Posted by *Jean-Francois Menicucci <menicucci@videotron.ca>* on *Wed, 06 Dec 2000 14:05:08 -0500*
--------------B817402879506B2912B06741
Why you said that the RCR are the only one that does thing properly why? because they
never pass a fault ?
Peter deVries wrote:
> Can anyone describe the difference between the PPCLI and the RCR. I know
> that they take care of different parts of Canada and that the two infantry
> regiments have the same training plans and all that, But do the two
> regiments style differ, when it gets down to it, do they have a different
> style of training?
>   I‘ve heard that the PPCLI are like a bunch of cowboys and that the RCR are
> mostly a parade ground unit, and also I‘ve heard that the RCR is the only
> regiment that actually does things properly. I know that there is
> inter-regimental competition and that soldiers will be biast depending on
> their regiment, but if anyone can tell me which regiment that they would
> suggest to join and why I would be grateful, thanks
> Peter
>
> >From: m.oleary@ns.sympatico.ca Mike Oleary
> >Reply-To: army-list@CdnArmy.ca
> >To: 
> >Subject: Reg F QL3 Inf and PT, was Re: Battle School
> >Date: Mon, 4 Dec 2000 21:48:40 -0500
> >
> >The pace of  PT on the course is generally driven by the group‘s abilities
> >initially. And this is based on the average recruit‘s fitness level on
> >enrolment plus the little exercise they are give on basic training at St
> >Jean. The course is then placed through progressively harder PT to achieve
> >what is possible within the 35-40 garrison training days. Candidates may be
> >given an informal test at the start and end of the course so that they may
> >see what progress they have achieved.
> >
> >Physical training during the course will include, running, circuit
> >training,
> >obstacle course, marches, bayonet fighting training, unarmed combat
> >training
> >and occasionally sports.
> >
> >The only fitness test during the Reg F QL3 in the Battle Fitness test - 13
> >Km, 2 hr 26 min maximum time for a pass, 55 lb load includes helmet, web
> >gear, rifle, rucksack. This usually done one-half to two-thirds of the way
> >through the course an a number of marches with increasing loads are
> >conducted to prepare candidates for it like marching back from ranges.
> >
> >On completion of the QL3 Infantry Course you will be posted to a battalion.

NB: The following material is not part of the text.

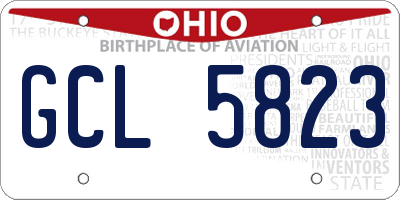 OH license plate GCL5823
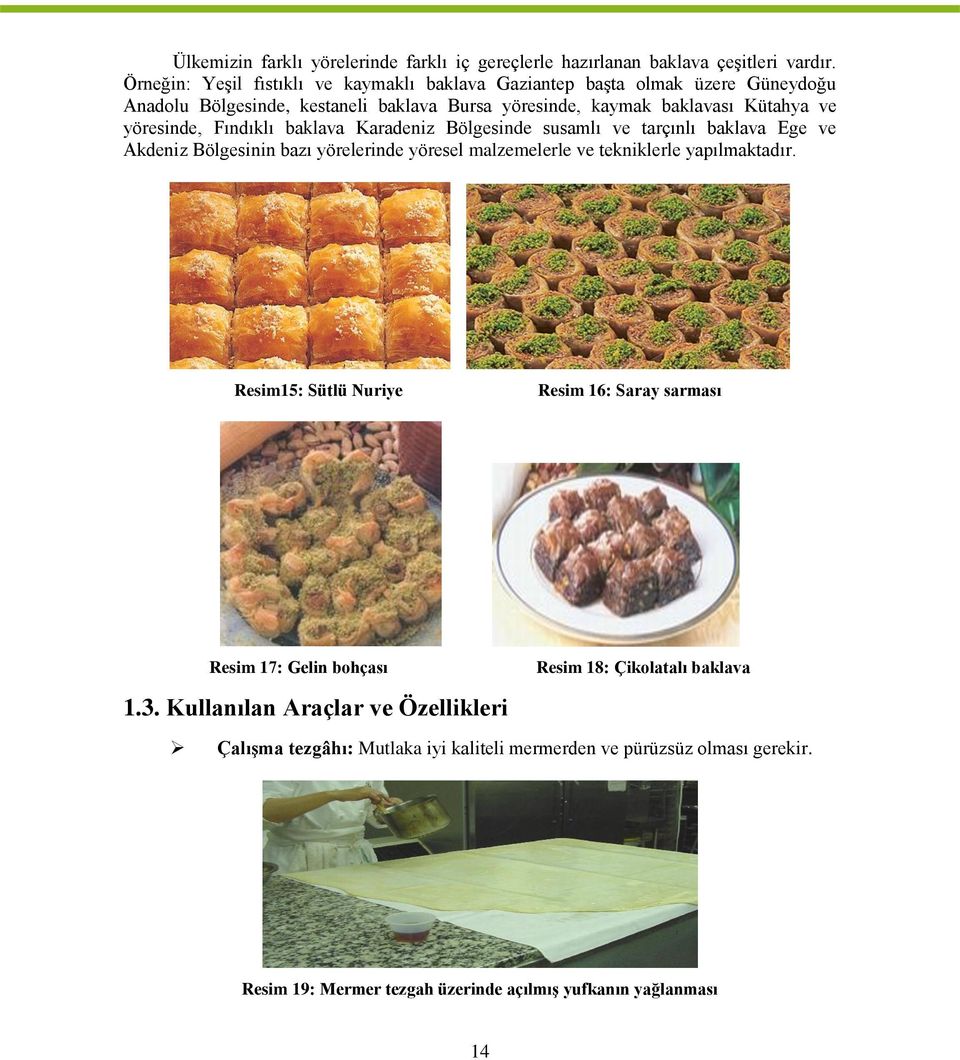 yöresinde, Fındıklı baklava Karadeniz Bölgesinde susamlı ve tarçınlı baklava Ege ve Akdeniz Bölgesinin bazı yörelerinde yöresel malzemelerle ve tekniklerle yapılmaktadır.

> >Your overseas tours will then be with that battalion, it may be going soon
> >after you arrive. You may go if you arrive early enough to participate in
> >the pre-op training 3-4 months or you may be part of the rear party.
> >
> >Mike
> >
> >The Regimental Rogue
> >http://regimentalrogue.tripod.com
> >2001 Canadian Military History Calendar
> >
> >
> >----- Original Message -----
> >From: Peter deVries 
> >To: 
> >Sent: Monday, December 04, 2000 10:52 PM
> >Subject: Re: Battle School
> >
> >
> > > Thanks for the info, Mike. Do you know the PT expectations for the
> >course?
> > > How many km do you run, etc... After the completion of the course and
> >when
> > > you head to a battalion, do you almost immediatly go overseas? Thanks
> >for
> > > the help,
> > > Peter
> > >
> > >
> > > >From: m.oleary@ns.sympatico.ca Mike Oleary
> > > >Reply-To: army-list@CdnArmy.ca
> > > >To: 
> > > >Subject: Re: Battle School
> > > >Date: Mon, 4 Dec 2000 17:19:51 -0500
> > > >
> > > >RE: Battle SchoolSorry, but I have not dealt with the training of QL1
> >and
> >2
> > > >Recruit courses.
> > > >
> > > >Mike
> > > >   ----- Original Message -----
> > > >   From: Harwood, Steve
> > > >   To: ‘army-list@CdnArmy.ca‘
> > > >   Sent: Monday, December 04, 2000 3:37 PM
> > > >   Subject: RE: Battle School
> > > >
> > > >
> > > >   Mike, this was very helpful.  Can you give me the same course
> >outline
> > > >for QL1 and 2? I hope to be in Artillery..do the same courses apply to
> >me?
> > > >
> > > >   Steve
> > > >
> > > >   -----Original Message-----
> > > >   From: m.oleary@ns.sympatico.ca [mailto:m.oleary@ns.sympatico.ca]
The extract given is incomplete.